ERPA would also provide for additional training to help law enforcement, government officials and neighbourhood watch groups avoid using such tactics.

The political debate on the effectiveness of racial and religious profiling by law enforcement goes back several decades. Interestingly enough, when it last garnered high-profile political attention, it was former President George W. Bush who proclaimed, in a February 2001 address, that racial profiling is “wrong and we will end it in America.” He went even further to say that ending racial profiling practices would not compromise security.

Then came the attacks of 9/11 and what Bush once dubbed as “wrong” became an excusable right, in the name of national security. “In the national trauma that followed 9/11, civil liberties came face to face with national security”, said Senator Durbin, and all too often the promise of national security won, at the expense of Muslim Americans and other Americans who appeared to be Muslim.

The ERPA hearing comes at a time when racial and religious profiling is being actively challenged across the nation. Numerous civil-rights advocates and legislative officials have called for an investigation and independent nonpartisan oversight of the New York Police Department (NYPD), after it was reported that the NYPD systematically surveilled Muslim Americans and certain ethnic minorities in the area without probable cause.

After several police officers were arrested for illegally targeting and harassing Hispanic Americans in Connecticut, state legislators passed a definitive bill prohibiting “the stopping, detention or search of any person” due solely to “race, color, ethnicity, age, gender or sexual orientation”.

The decades of grassroots organising have also allowed civil-rights groups to provide the public with better tools and technology to empower themselves when faced with harassment by law enforcement. The Sikh Coalition, for example, recently launched a mobile application that allows travellers to file direct complaints with the government if they feel they have been unfairly profiled. In turn, these groups have been able to provide advocacy organisations and legislators with better assessments of the extent and the overall ineffectiveness of racial and religious profiling.

Some federal agencies, after public pressure, are taking measures to prevent organisational discriminatory practices. Both the military and FBI have initiated steps to review their training materials, due to recent reports of their use of severely Islamophobic materials. Last month the Chairman of the Joint Chiefs of Staff for the US armed forces ordered a review of the military’s training material in its entirety to ensure it does not contain Islamophobic content. This month, the FBI is holding workshops titled “Combating Islamophobia: Truths and Myths about Islam”.

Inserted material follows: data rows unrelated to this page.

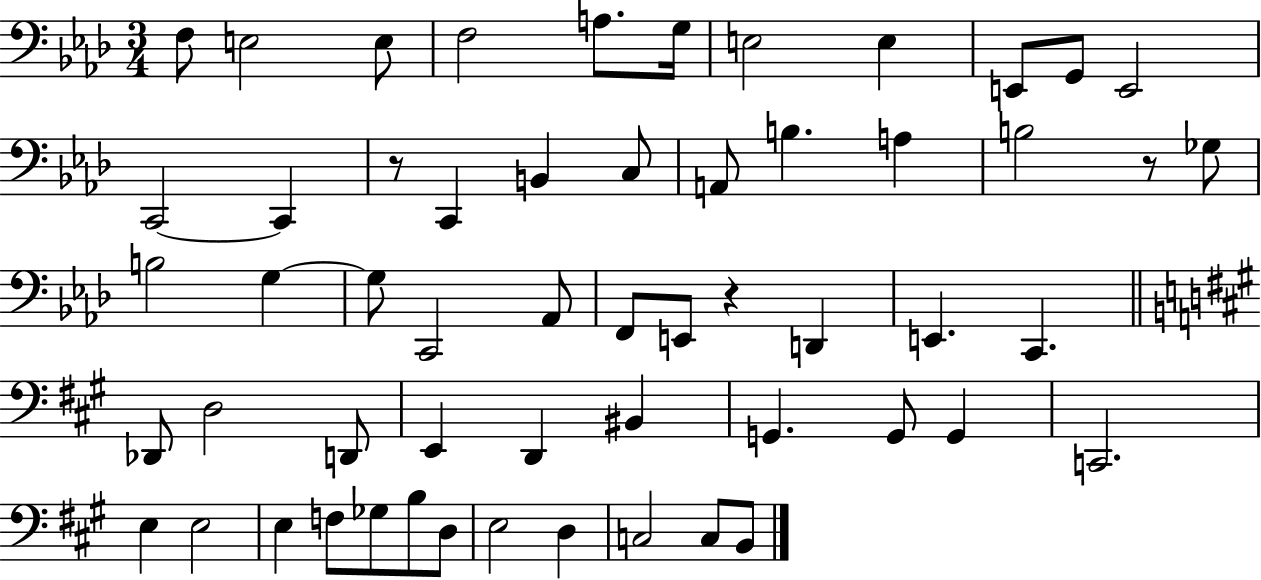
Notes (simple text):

F3/e E3/h E3/e F3/h A3/e. G3/s E3/h E3/q E2/e G2/e E2/h C2/h C2/q R/e C2/q B2/q C3/e A2/e B3/q. A3/q B3/h R/e Gb3/e B3/h G3/q G3/e C2/h Ab2/e F2/e E2/e R/q D2/q E2/q. C2/q. Db2/e D3/h D2/e E2/q D2/q BIS2/q G2/q. G2/e G2/q C2/h. E3/q E3/h E3/q F3/e Gb3/e B3/e D3/e E3/h D3/q C3/h C3/e B2/e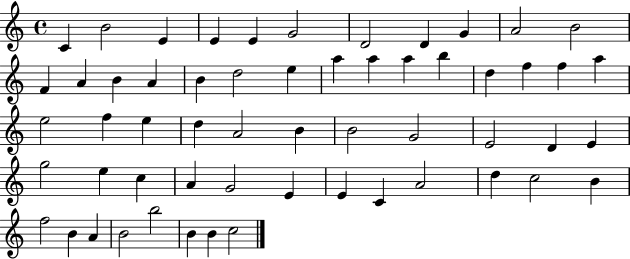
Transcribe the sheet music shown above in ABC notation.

X:1
T:Untitled
M:4/4
L:1/4
K:C
C B2 E E E G2 D2 D G A2 B2 F A B A B d2 e a a a b d f f a e2 f e d A2 B B2 G2 E2 D E g2 e c A G2 E E C A2 d c2 B f2 B A B2 b2 B B c2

While it is difficult to tell, at this point, what the standards of either the military or the FBI are in determining what constitutes Islamophobic material, the attempt to instil better standards is a small step forward.

The passing of ERPA would be a significant achievement at the federal level, but undoing the damage of decades of racial and religious profiling will be a lengthy process. This is only the beginning — in going forward, more legislators and law enforcement agencies will also need to critically examine their discriminatory practices and materials while allowing for greater transparency. Local and federal law enforcement officers will need training to better understand and spot possible criminal behaviour using more effective practices than racial profiling.

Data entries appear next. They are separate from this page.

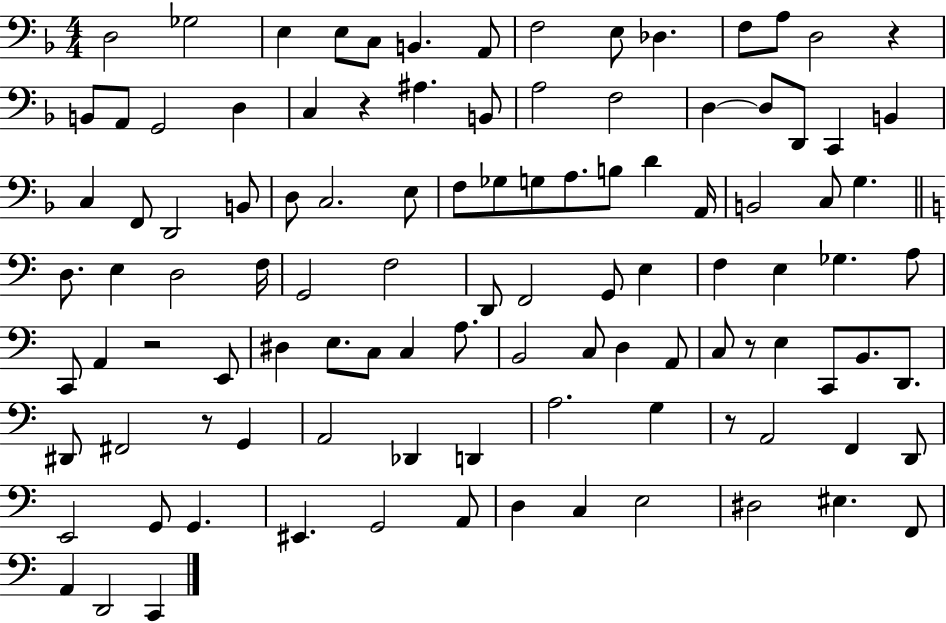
X:1
T:Untitled
M:4/4
L:1/4
K:F
D,2 _G,2 E, E,/2 C,/2 B,, A,,/2 F,2 E,/2 _D, F,/2 A,/2 D,2 z B,,/2 A,,/2 G,,2 D, C, z ^A, B,,/2 A,2 F,2 D, D,/2 D,,/2 C,, B,, C, F,,/2 D,,2 B,,/2 D,/2 C,2 E,/2 F,/2 _G,/2 G,/2 A,/2 B,/2 D A,,/4 B,,2 C,/2 G, D,/2 E, D,2 F,/4 G,,2 F,2 D,,/2 F,,2 G,,/2 E, F, E, _G, A,/2 C,,/2 A,, z2 E,,/2 ^D, E,/2 C,/2 C, A,/2 B,,2 C,/2 D, A,,/2 C,/2 z/2 E, C,,/2 B,,/2 D,,/2 ^D,,/2 ^F,,2 z/2 G,, A,,2 _D,, D,, A,2 G, z/2 A,,2 F,, D,,/2 E,,2 G,,/2 G,, ^E,, G,,2 A,,/2 D, C, E,2 ^D,2 ^E, F,,/2 A,, D,,2 C,,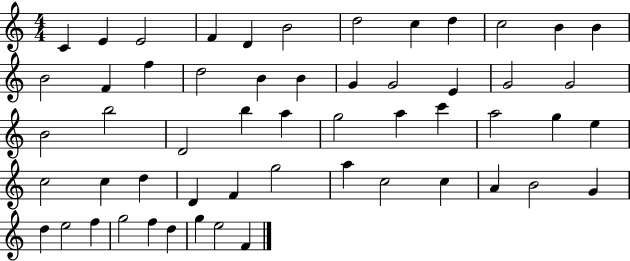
C4/q E4/q E4/h F4/q D4/q B4/h D5/h C5/q D5/q C5/h B4/q B4/q B4/h F4/q F5/q D5/h B4/q B4/q G4/q G4/h E4/q G4/h G4/h B4/h B5/h D4/h B5/q A5/q G5/h A5/q C6/q A5/h G5/q E5/q C5/h C5/q D5/q D4/q F4/q G5/h A5/q C5/h C5/q A4/q B4/h G4/q D5/q E5/h F5/q G5/h F5/q D5/q G5/q E5/h F4/q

In ending racial and religious profiling and ensuring our civil-rights are protected, it is important to remember that we are not compromising our security; instead, we are enhancing our safety and building stronger working relationships between law enforcement and community members.

###

* Nadia S. Mohammad is an Associate Editor of AltMuslimah.com. You can follow her on Twitter at @nadiasmo. This article was written for the Common Ground News Service (CGNews).

Source: Common Ground News Service (CGNews), 15 May 2012, www.commongroundnews.org
Copyright permission is granted for publication.
 
 
 
 
VIDEO OF THE WEEK
Advice from El-Hibri Peace Education Prize winner

In this video, the Common Ground News Service (CGNews) sat down with this year’s El-Hibri Peace Education Prize recipient Dr Betty Reardon and her friend Cora Weiss, President of the Hague Appeal for Peace, to ask what the average person can do, and seek their advice for the next generation of peacebuilders.  
 
 
 
 
"You have my permission [to run my articles]. Always delighted with the news service."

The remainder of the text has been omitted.